The compression scheme in experiments/compression/compresso
follows the MICCAI paper exactly.
In order to test Compresso on your own data simply use:
import compression as C
# With LZMA
C.LZMA.compress(C.COMPRESSO.compress(<NUMPY-3D-ARRAY>))
# the dataset must be in hdf5 format.
experiments/run.py COMPRESSO LZMA ac3 -r 1 -s 1 -d '/<PATH>/<TO>/<DATA>'
Usage:
usage: run.py [-h] [--directory PATH] [--runs NUM] [--slices NUM]
[--verbose]
encoding compression dataset
positional arguments:
encoding name of encoding scheme
compression name of compression scheme
dataset name of data set
optional arguments:
-h, --help show this help message and exit
--directory PATH, -d PATH
path to data directory
--runs NUM, -r NUM number of runs (default: 1)
--slices NUM, -s NUM number of slices per dataset (default: -1 (all))
--verbose, -v print progress (default: False)
Make sure the data sets are located in ~/compresso/data/
or specify the location. The data from the paper can be found here:
- AC3: http://www.openconnectomeproject.org/kasthuri11 (Kasthuri et al. Saturated reconstruction of a volume of neocortex. Cell 2015.)
- CREMI: http://www.cremi.org
- CYL: http://www.openconnectomeproject.org/kasthuri11 (Kasthuri et al. Saturated reconstruction of a volume of neocortex. Cell 2015.)
- SPL Brain Atlas: http://www.spl.harvard.edu/publications/item/view/2037 (Halle M., Talos I-F., Jakab M., Makris N., Meier D., Wald L., Fischl B., Kikinis R. Multi-modality MRI-based Atlas of the Brain. SPL 2017 Jan)
- SPL Knee Atlas: http://www.spl.harvard.edu/publications/item/view/2037 (Richolt J.A., Jakab M., Kikinis R. SPL Knee Atlas. SPL 2015 Sep)
- SPL Abdominal Atlas: http://www.spl.harvard.edu/publications/item/view/1918 (Talos I-F., Jakab M., Kikinis R. SPL Abdominal Atlas. SPL 2015 Sep)
- BSD500: https://www.eecs.berkeley.edu/Research/Projects/CS/vision/grouping/resources.html (Contour Detection and Hierarchical Image Segmentation P. Arbelaez, M. Maire, C. Fowlkes and J. Malik.

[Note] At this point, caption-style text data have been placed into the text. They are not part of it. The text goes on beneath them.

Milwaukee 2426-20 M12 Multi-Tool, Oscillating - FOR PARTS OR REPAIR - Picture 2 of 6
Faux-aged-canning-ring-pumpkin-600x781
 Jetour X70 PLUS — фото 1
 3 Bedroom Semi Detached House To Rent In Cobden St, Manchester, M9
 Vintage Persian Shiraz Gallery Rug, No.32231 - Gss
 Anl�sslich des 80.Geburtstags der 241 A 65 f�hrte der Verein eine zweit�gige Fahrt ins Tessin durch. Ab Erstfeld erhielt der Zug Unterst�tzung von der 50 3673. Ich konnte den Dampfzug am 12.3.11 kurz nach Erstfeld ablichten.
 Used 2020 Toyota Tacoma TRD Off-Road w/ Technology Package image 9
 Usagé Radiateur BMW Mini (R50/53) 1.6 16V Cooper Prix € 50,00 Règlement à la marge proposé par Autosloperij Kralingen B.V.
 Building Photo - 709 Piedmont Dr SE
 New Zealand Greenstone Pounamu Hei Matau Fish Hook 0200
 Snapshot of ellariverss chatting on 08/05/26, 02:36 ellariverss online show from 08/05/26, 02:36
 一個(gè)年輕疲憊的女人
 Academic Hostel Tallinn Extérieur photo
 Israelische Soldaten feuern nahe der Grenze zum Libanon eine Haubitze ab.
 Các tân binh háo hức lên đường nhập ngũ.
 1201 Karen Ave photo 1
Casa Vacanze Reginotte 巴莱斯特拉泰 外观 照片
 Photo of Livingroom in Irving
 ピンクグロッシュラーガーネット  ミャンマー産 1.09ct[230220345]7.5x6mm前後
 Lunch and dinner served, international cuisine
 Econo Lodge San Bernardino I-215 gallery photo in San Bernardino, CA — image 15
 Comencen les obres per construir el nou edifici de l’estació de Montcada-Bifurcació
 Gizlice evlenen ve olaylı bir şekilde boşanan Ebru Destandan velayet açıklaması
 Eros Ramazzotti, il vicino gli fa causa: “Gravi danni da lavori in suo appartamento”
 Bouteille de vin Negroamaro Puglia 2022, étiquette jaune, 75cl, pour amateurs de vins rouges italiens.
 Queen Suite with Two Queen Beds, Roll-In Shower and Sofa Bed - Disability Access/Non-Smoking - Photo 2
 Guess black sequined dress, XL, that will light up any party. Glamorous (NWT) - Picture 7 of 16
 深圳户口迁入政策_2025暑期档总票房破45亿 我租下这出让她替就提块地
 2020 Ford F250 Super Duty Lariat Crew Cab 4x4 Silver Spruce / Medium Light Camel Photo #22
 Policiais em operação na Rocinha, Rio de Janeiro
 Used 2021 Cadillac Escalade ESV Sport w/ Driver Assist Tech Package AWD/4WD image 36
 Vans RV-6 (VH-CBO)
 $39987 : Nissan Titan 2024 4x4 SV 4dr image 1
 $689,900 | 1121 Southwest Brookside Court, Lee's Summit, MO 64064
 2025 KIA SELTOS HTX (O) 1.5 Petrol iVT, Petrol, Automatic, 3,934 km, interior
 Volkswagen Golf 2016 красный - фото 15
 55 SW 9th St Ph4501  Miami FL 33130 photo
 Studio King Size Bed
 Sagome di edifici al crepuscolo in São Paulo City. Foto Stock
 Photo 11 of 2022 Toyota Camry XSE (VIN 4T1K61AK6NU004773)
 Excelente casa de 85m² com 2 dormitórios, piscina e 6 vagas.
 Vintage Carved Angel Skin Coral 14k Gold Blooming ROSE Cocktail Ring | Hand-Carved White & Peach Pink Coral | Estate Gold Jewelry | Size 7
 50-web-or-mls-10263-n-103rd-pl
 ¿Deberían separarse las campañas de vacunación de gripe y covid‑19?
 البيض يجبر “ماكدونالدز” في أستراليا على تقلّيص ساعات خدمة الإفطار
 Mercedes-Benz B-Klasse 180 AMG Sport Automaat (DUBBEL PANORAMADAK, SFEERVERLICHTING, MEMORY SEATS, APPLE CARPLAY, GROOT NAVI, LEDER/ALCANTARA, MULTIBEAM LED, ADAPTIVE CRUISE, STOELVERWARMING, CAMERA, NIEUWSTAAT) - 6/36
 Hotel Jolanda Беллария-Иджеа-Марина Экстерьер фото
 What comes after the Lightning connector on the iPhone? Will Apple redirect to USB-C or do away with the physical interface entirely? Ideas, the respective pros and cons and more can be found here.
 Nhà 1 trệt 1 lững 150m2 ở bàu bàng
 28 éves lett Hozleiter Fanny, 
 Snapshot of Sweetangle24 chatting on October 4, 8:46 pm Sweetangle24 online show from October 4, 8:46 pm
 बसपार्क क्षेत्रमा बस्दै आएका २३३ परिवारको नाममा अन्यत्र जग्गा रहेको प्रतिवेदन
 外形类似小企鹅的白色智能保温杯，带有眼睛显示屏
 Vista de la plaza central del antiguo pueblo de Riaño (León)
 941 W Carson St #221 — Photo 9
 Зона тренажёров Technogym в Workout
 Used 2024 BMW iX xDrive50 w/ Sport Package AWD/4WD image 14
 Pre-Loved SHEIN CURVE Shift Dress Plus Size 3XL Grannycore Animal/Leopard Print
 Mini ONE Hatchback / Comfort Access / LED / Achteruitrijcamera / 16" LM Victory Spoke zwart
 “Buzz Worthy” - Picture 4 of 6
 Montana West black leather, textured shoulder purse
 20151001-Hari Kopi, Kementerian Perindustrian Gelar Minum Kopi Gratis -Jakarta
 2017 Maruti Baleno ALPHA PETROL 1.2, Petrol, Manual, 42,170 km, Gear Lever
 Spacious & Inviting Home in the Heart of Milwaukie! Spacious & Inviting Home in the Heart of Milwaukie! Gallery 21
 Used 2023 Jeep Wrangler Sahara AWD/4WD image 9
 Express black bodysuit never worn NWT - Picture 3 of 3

IEEE TPAMI, Vol. 33, No. 5, pp. 898-916, May 2011.)
- VOC2012: http://host.robots.ox.ac.uk/pascal/VOC/voc2012/ (Everingham, M. and Van~Gool, L. and Williams, C. K. I. and Winn, J. and Zisserman, A., The PASCAL Visual Object Classes Challenge 2012 (VOC2012) Results)
Compression Performance
Compression ratios of general-purpose compression methods combined with Compresso and Neuroglancer. Compresso paired with LZMA yields the best compression ratios for all connectomics datasets (left) and in average (four out of five) for the others (right).